Dans un cas comme dans l’autre, le Canada auquel nous étions habitués n’existe plus vraiment.

Indépendance - le peuple québécois s'approche toujours davantage du but!


Mathieu Bock-Côté, Échos Montréal, vol.18, no.4, avril 2011, p.5
Depuis 2004, le Canada vit sous le règne de gouvernements minoritaires. Des commentateurs plus ou moins avisés en ont conclu que les Canadiens préféraient cette formule à celle des gouvernements majoritaires, parce qu’elle leur donnerait apparemment une meilleure emprise sur les affaires publiques.
Cela n’a aucun sens. Sans exagérer la partisanerie, on peut croire que les électeurs préféreraient voir leur parti exercer un gouvernement majoritaire. Il n’existe pas une telle chose qu’un « électeur idéal » qui transcenderait les formations présentes sur la scène politique et qui déciderait à l’avance d’un équilibre idéal des forces à la chambre des communes.
Mais alors, comment expliquer ce dérèglement du régime politique canadien, d’autant plus que le système parlementaire britannique était historiquement reconnu pour la stabilité gouvernementale qu’il parvenait à assurer ? Faut-il y voir une simple conjonction de circonstances hasardeuses qui auraient malencontreusement concouru à la déstabilisation de la politique fédérale ?
Bien sur que non. Il faut plutôt voir là le symptôme d’une crise politique profonde qui traverse un pays fortement divisé en blocs régionaux de plus en plus étrangers les uns aux autres et ne parvenant plus à refaire sa cohérence politique. Un pays fracturé intimement, et qui peine à retrouver les éléments d’une coalition majoritaire. L’éclatement de la polarisation politique en est le symbole le plus visible.
Pendant longtemps, le Parti libéral du Canada fut le « natural governing party ». Il rassemblait un électorat composé des élites progressistes, des nombreuses composantes de la bureaucratie fédérale, d’un électorat québécois qui lui servait de bastion, des francophones hors Québec et des nombreuses communautés ethniques. Il est ainsi parvenu à fabriquer une « idéologie canadienne », le trudeauïsme, fait de multiculturalisme et de chartisme, qui a servi de religion civile pendant quelques décennies.
Aujourd’hui, le Parti conservateur convoite le titre de « natural governing party ». S’il a d’abord cherché à construire sa coalition autour d’une alliance entre le réformisme de l’Ouest, le conservatisme tory et le nationalisme québécois, le refus de ce dernier d’entrer dans une grande alliance conservatrice fait en sorte qu’il espère désormais construire sa majorité directement au Canada anglais, en ravissant aux libéraux l’appui de certaines communautés ethniques et en misant aussi sur l’ajout de comtés dans les provinces anglophones.
Il se pourrait bien que la stratégie des conservateurs soit gagnante.

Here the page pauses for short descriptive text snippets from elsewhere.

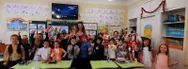Фото компанії Репетитор початкових класів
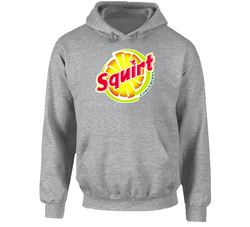 Squirt Soda Retro Pop Hoodie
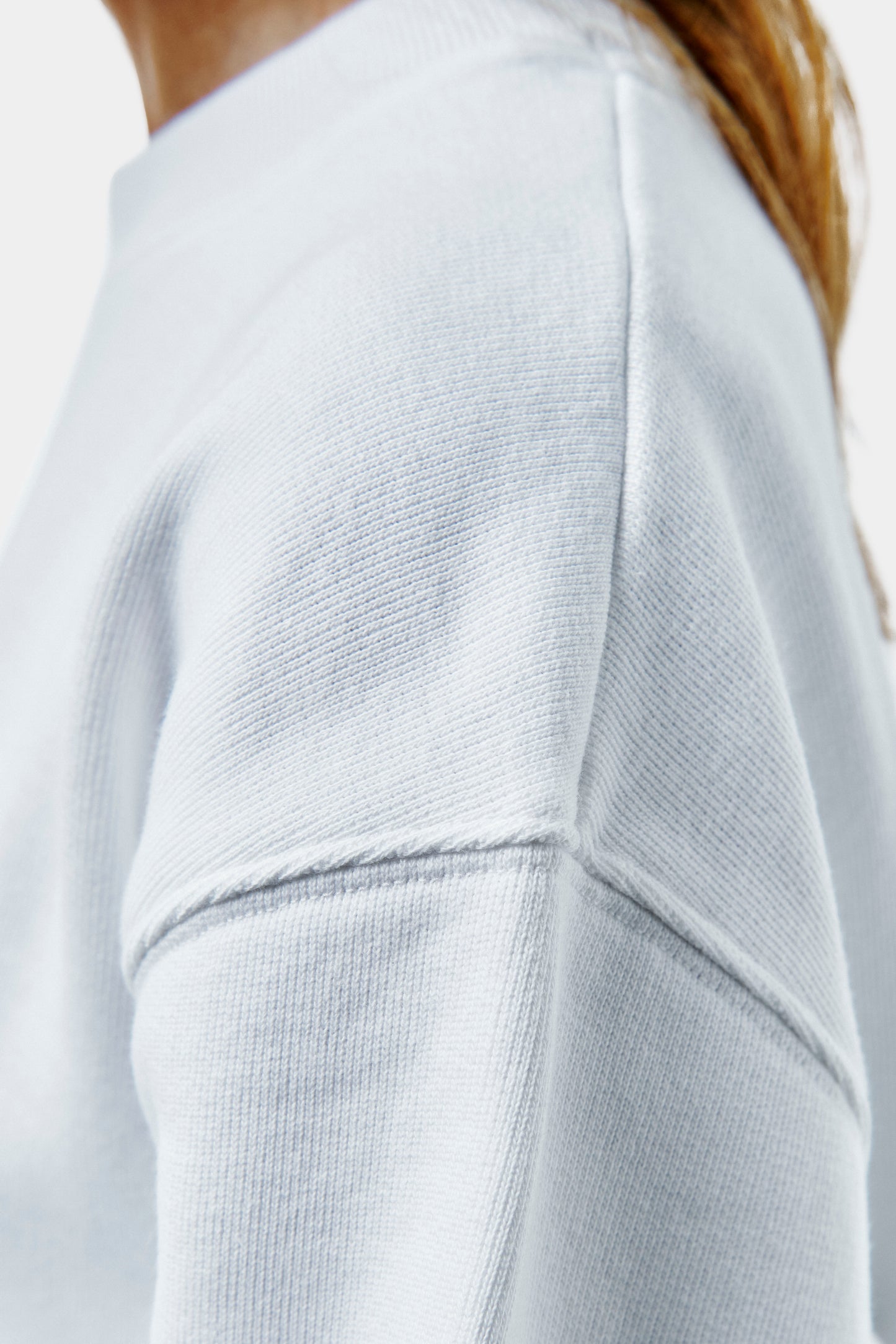 Classic Sweatshirt 500gsm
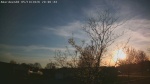 Web Cam Image - Sun, 05/10/2026 7:20pm CDT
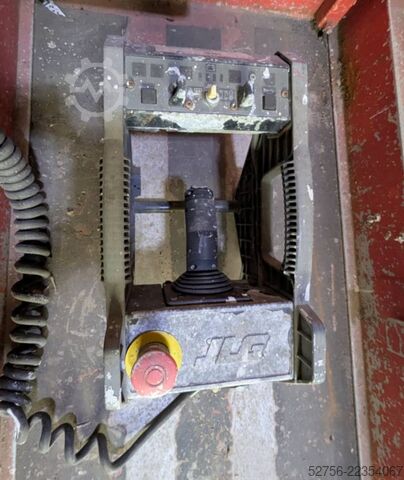Scherenhebebühne JLG 1930 ES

Ils pourraient alors appliquer un programme qui consacrerait le basculement du centre de gravité du pays du Canada central vers l’Ouest, dont la vitalité économique s’accompagnerait désormais d’une pesanteur politique correspondante.
C’est une tendance lourde qui se dégage : le Canada est un pays qui n’a plus vraiment de raison d’être. Ses régions s’autonomisent et jouent leur propre partition dans l’environnement nord-américain, d’autant plus qu’elles disposent désormais pour la plupart d’une économie de l’énergie spécifique. Leurs intérêts ne parviennent pas vraiment à se conjuguer sous la figure d’un intérêt national.
En trente ans, le Canada a profondément changé. Si ses élites ont connu une mue trudeauiste, une idéologie qui trouve sa base sociale dans les couches sociales progressistes et chez les « Canadiens de 1982 » issus de l’immigration, au même moment, l’Ouest a émergé à travers des revendications semblables à celle du conservatisme américain et l’Atlantique est parvenu à se défaire partiellement de sa réputation d’enfant pauvre de la confédération. Même l’Ontario développe un régionalisme spécifique. Quant au Québec, sa question nationale ne parvient manifestement plus à structurer le débat politique canadien.
Cette mutation politique permet de mieux comprendre de quoi la multiplication des gouvernements minoritaires est le symptôme. Si les souverainistes avaient un jour une nouvelle vigueur, c’est dans ce contexte, bien davantage que dans celui de la dualité nationale classique à laquelle l’histoire nous avait habitués, qu’ils devraient évoluer. Si les autonomistes veulent leur faire concurrence, ils devront quant à eux miser sur une alliance des régionalismes canadiens.
Dans un cas comme dans l’autre, le Canada auquel nous étions habitués n’existe plus vraiment.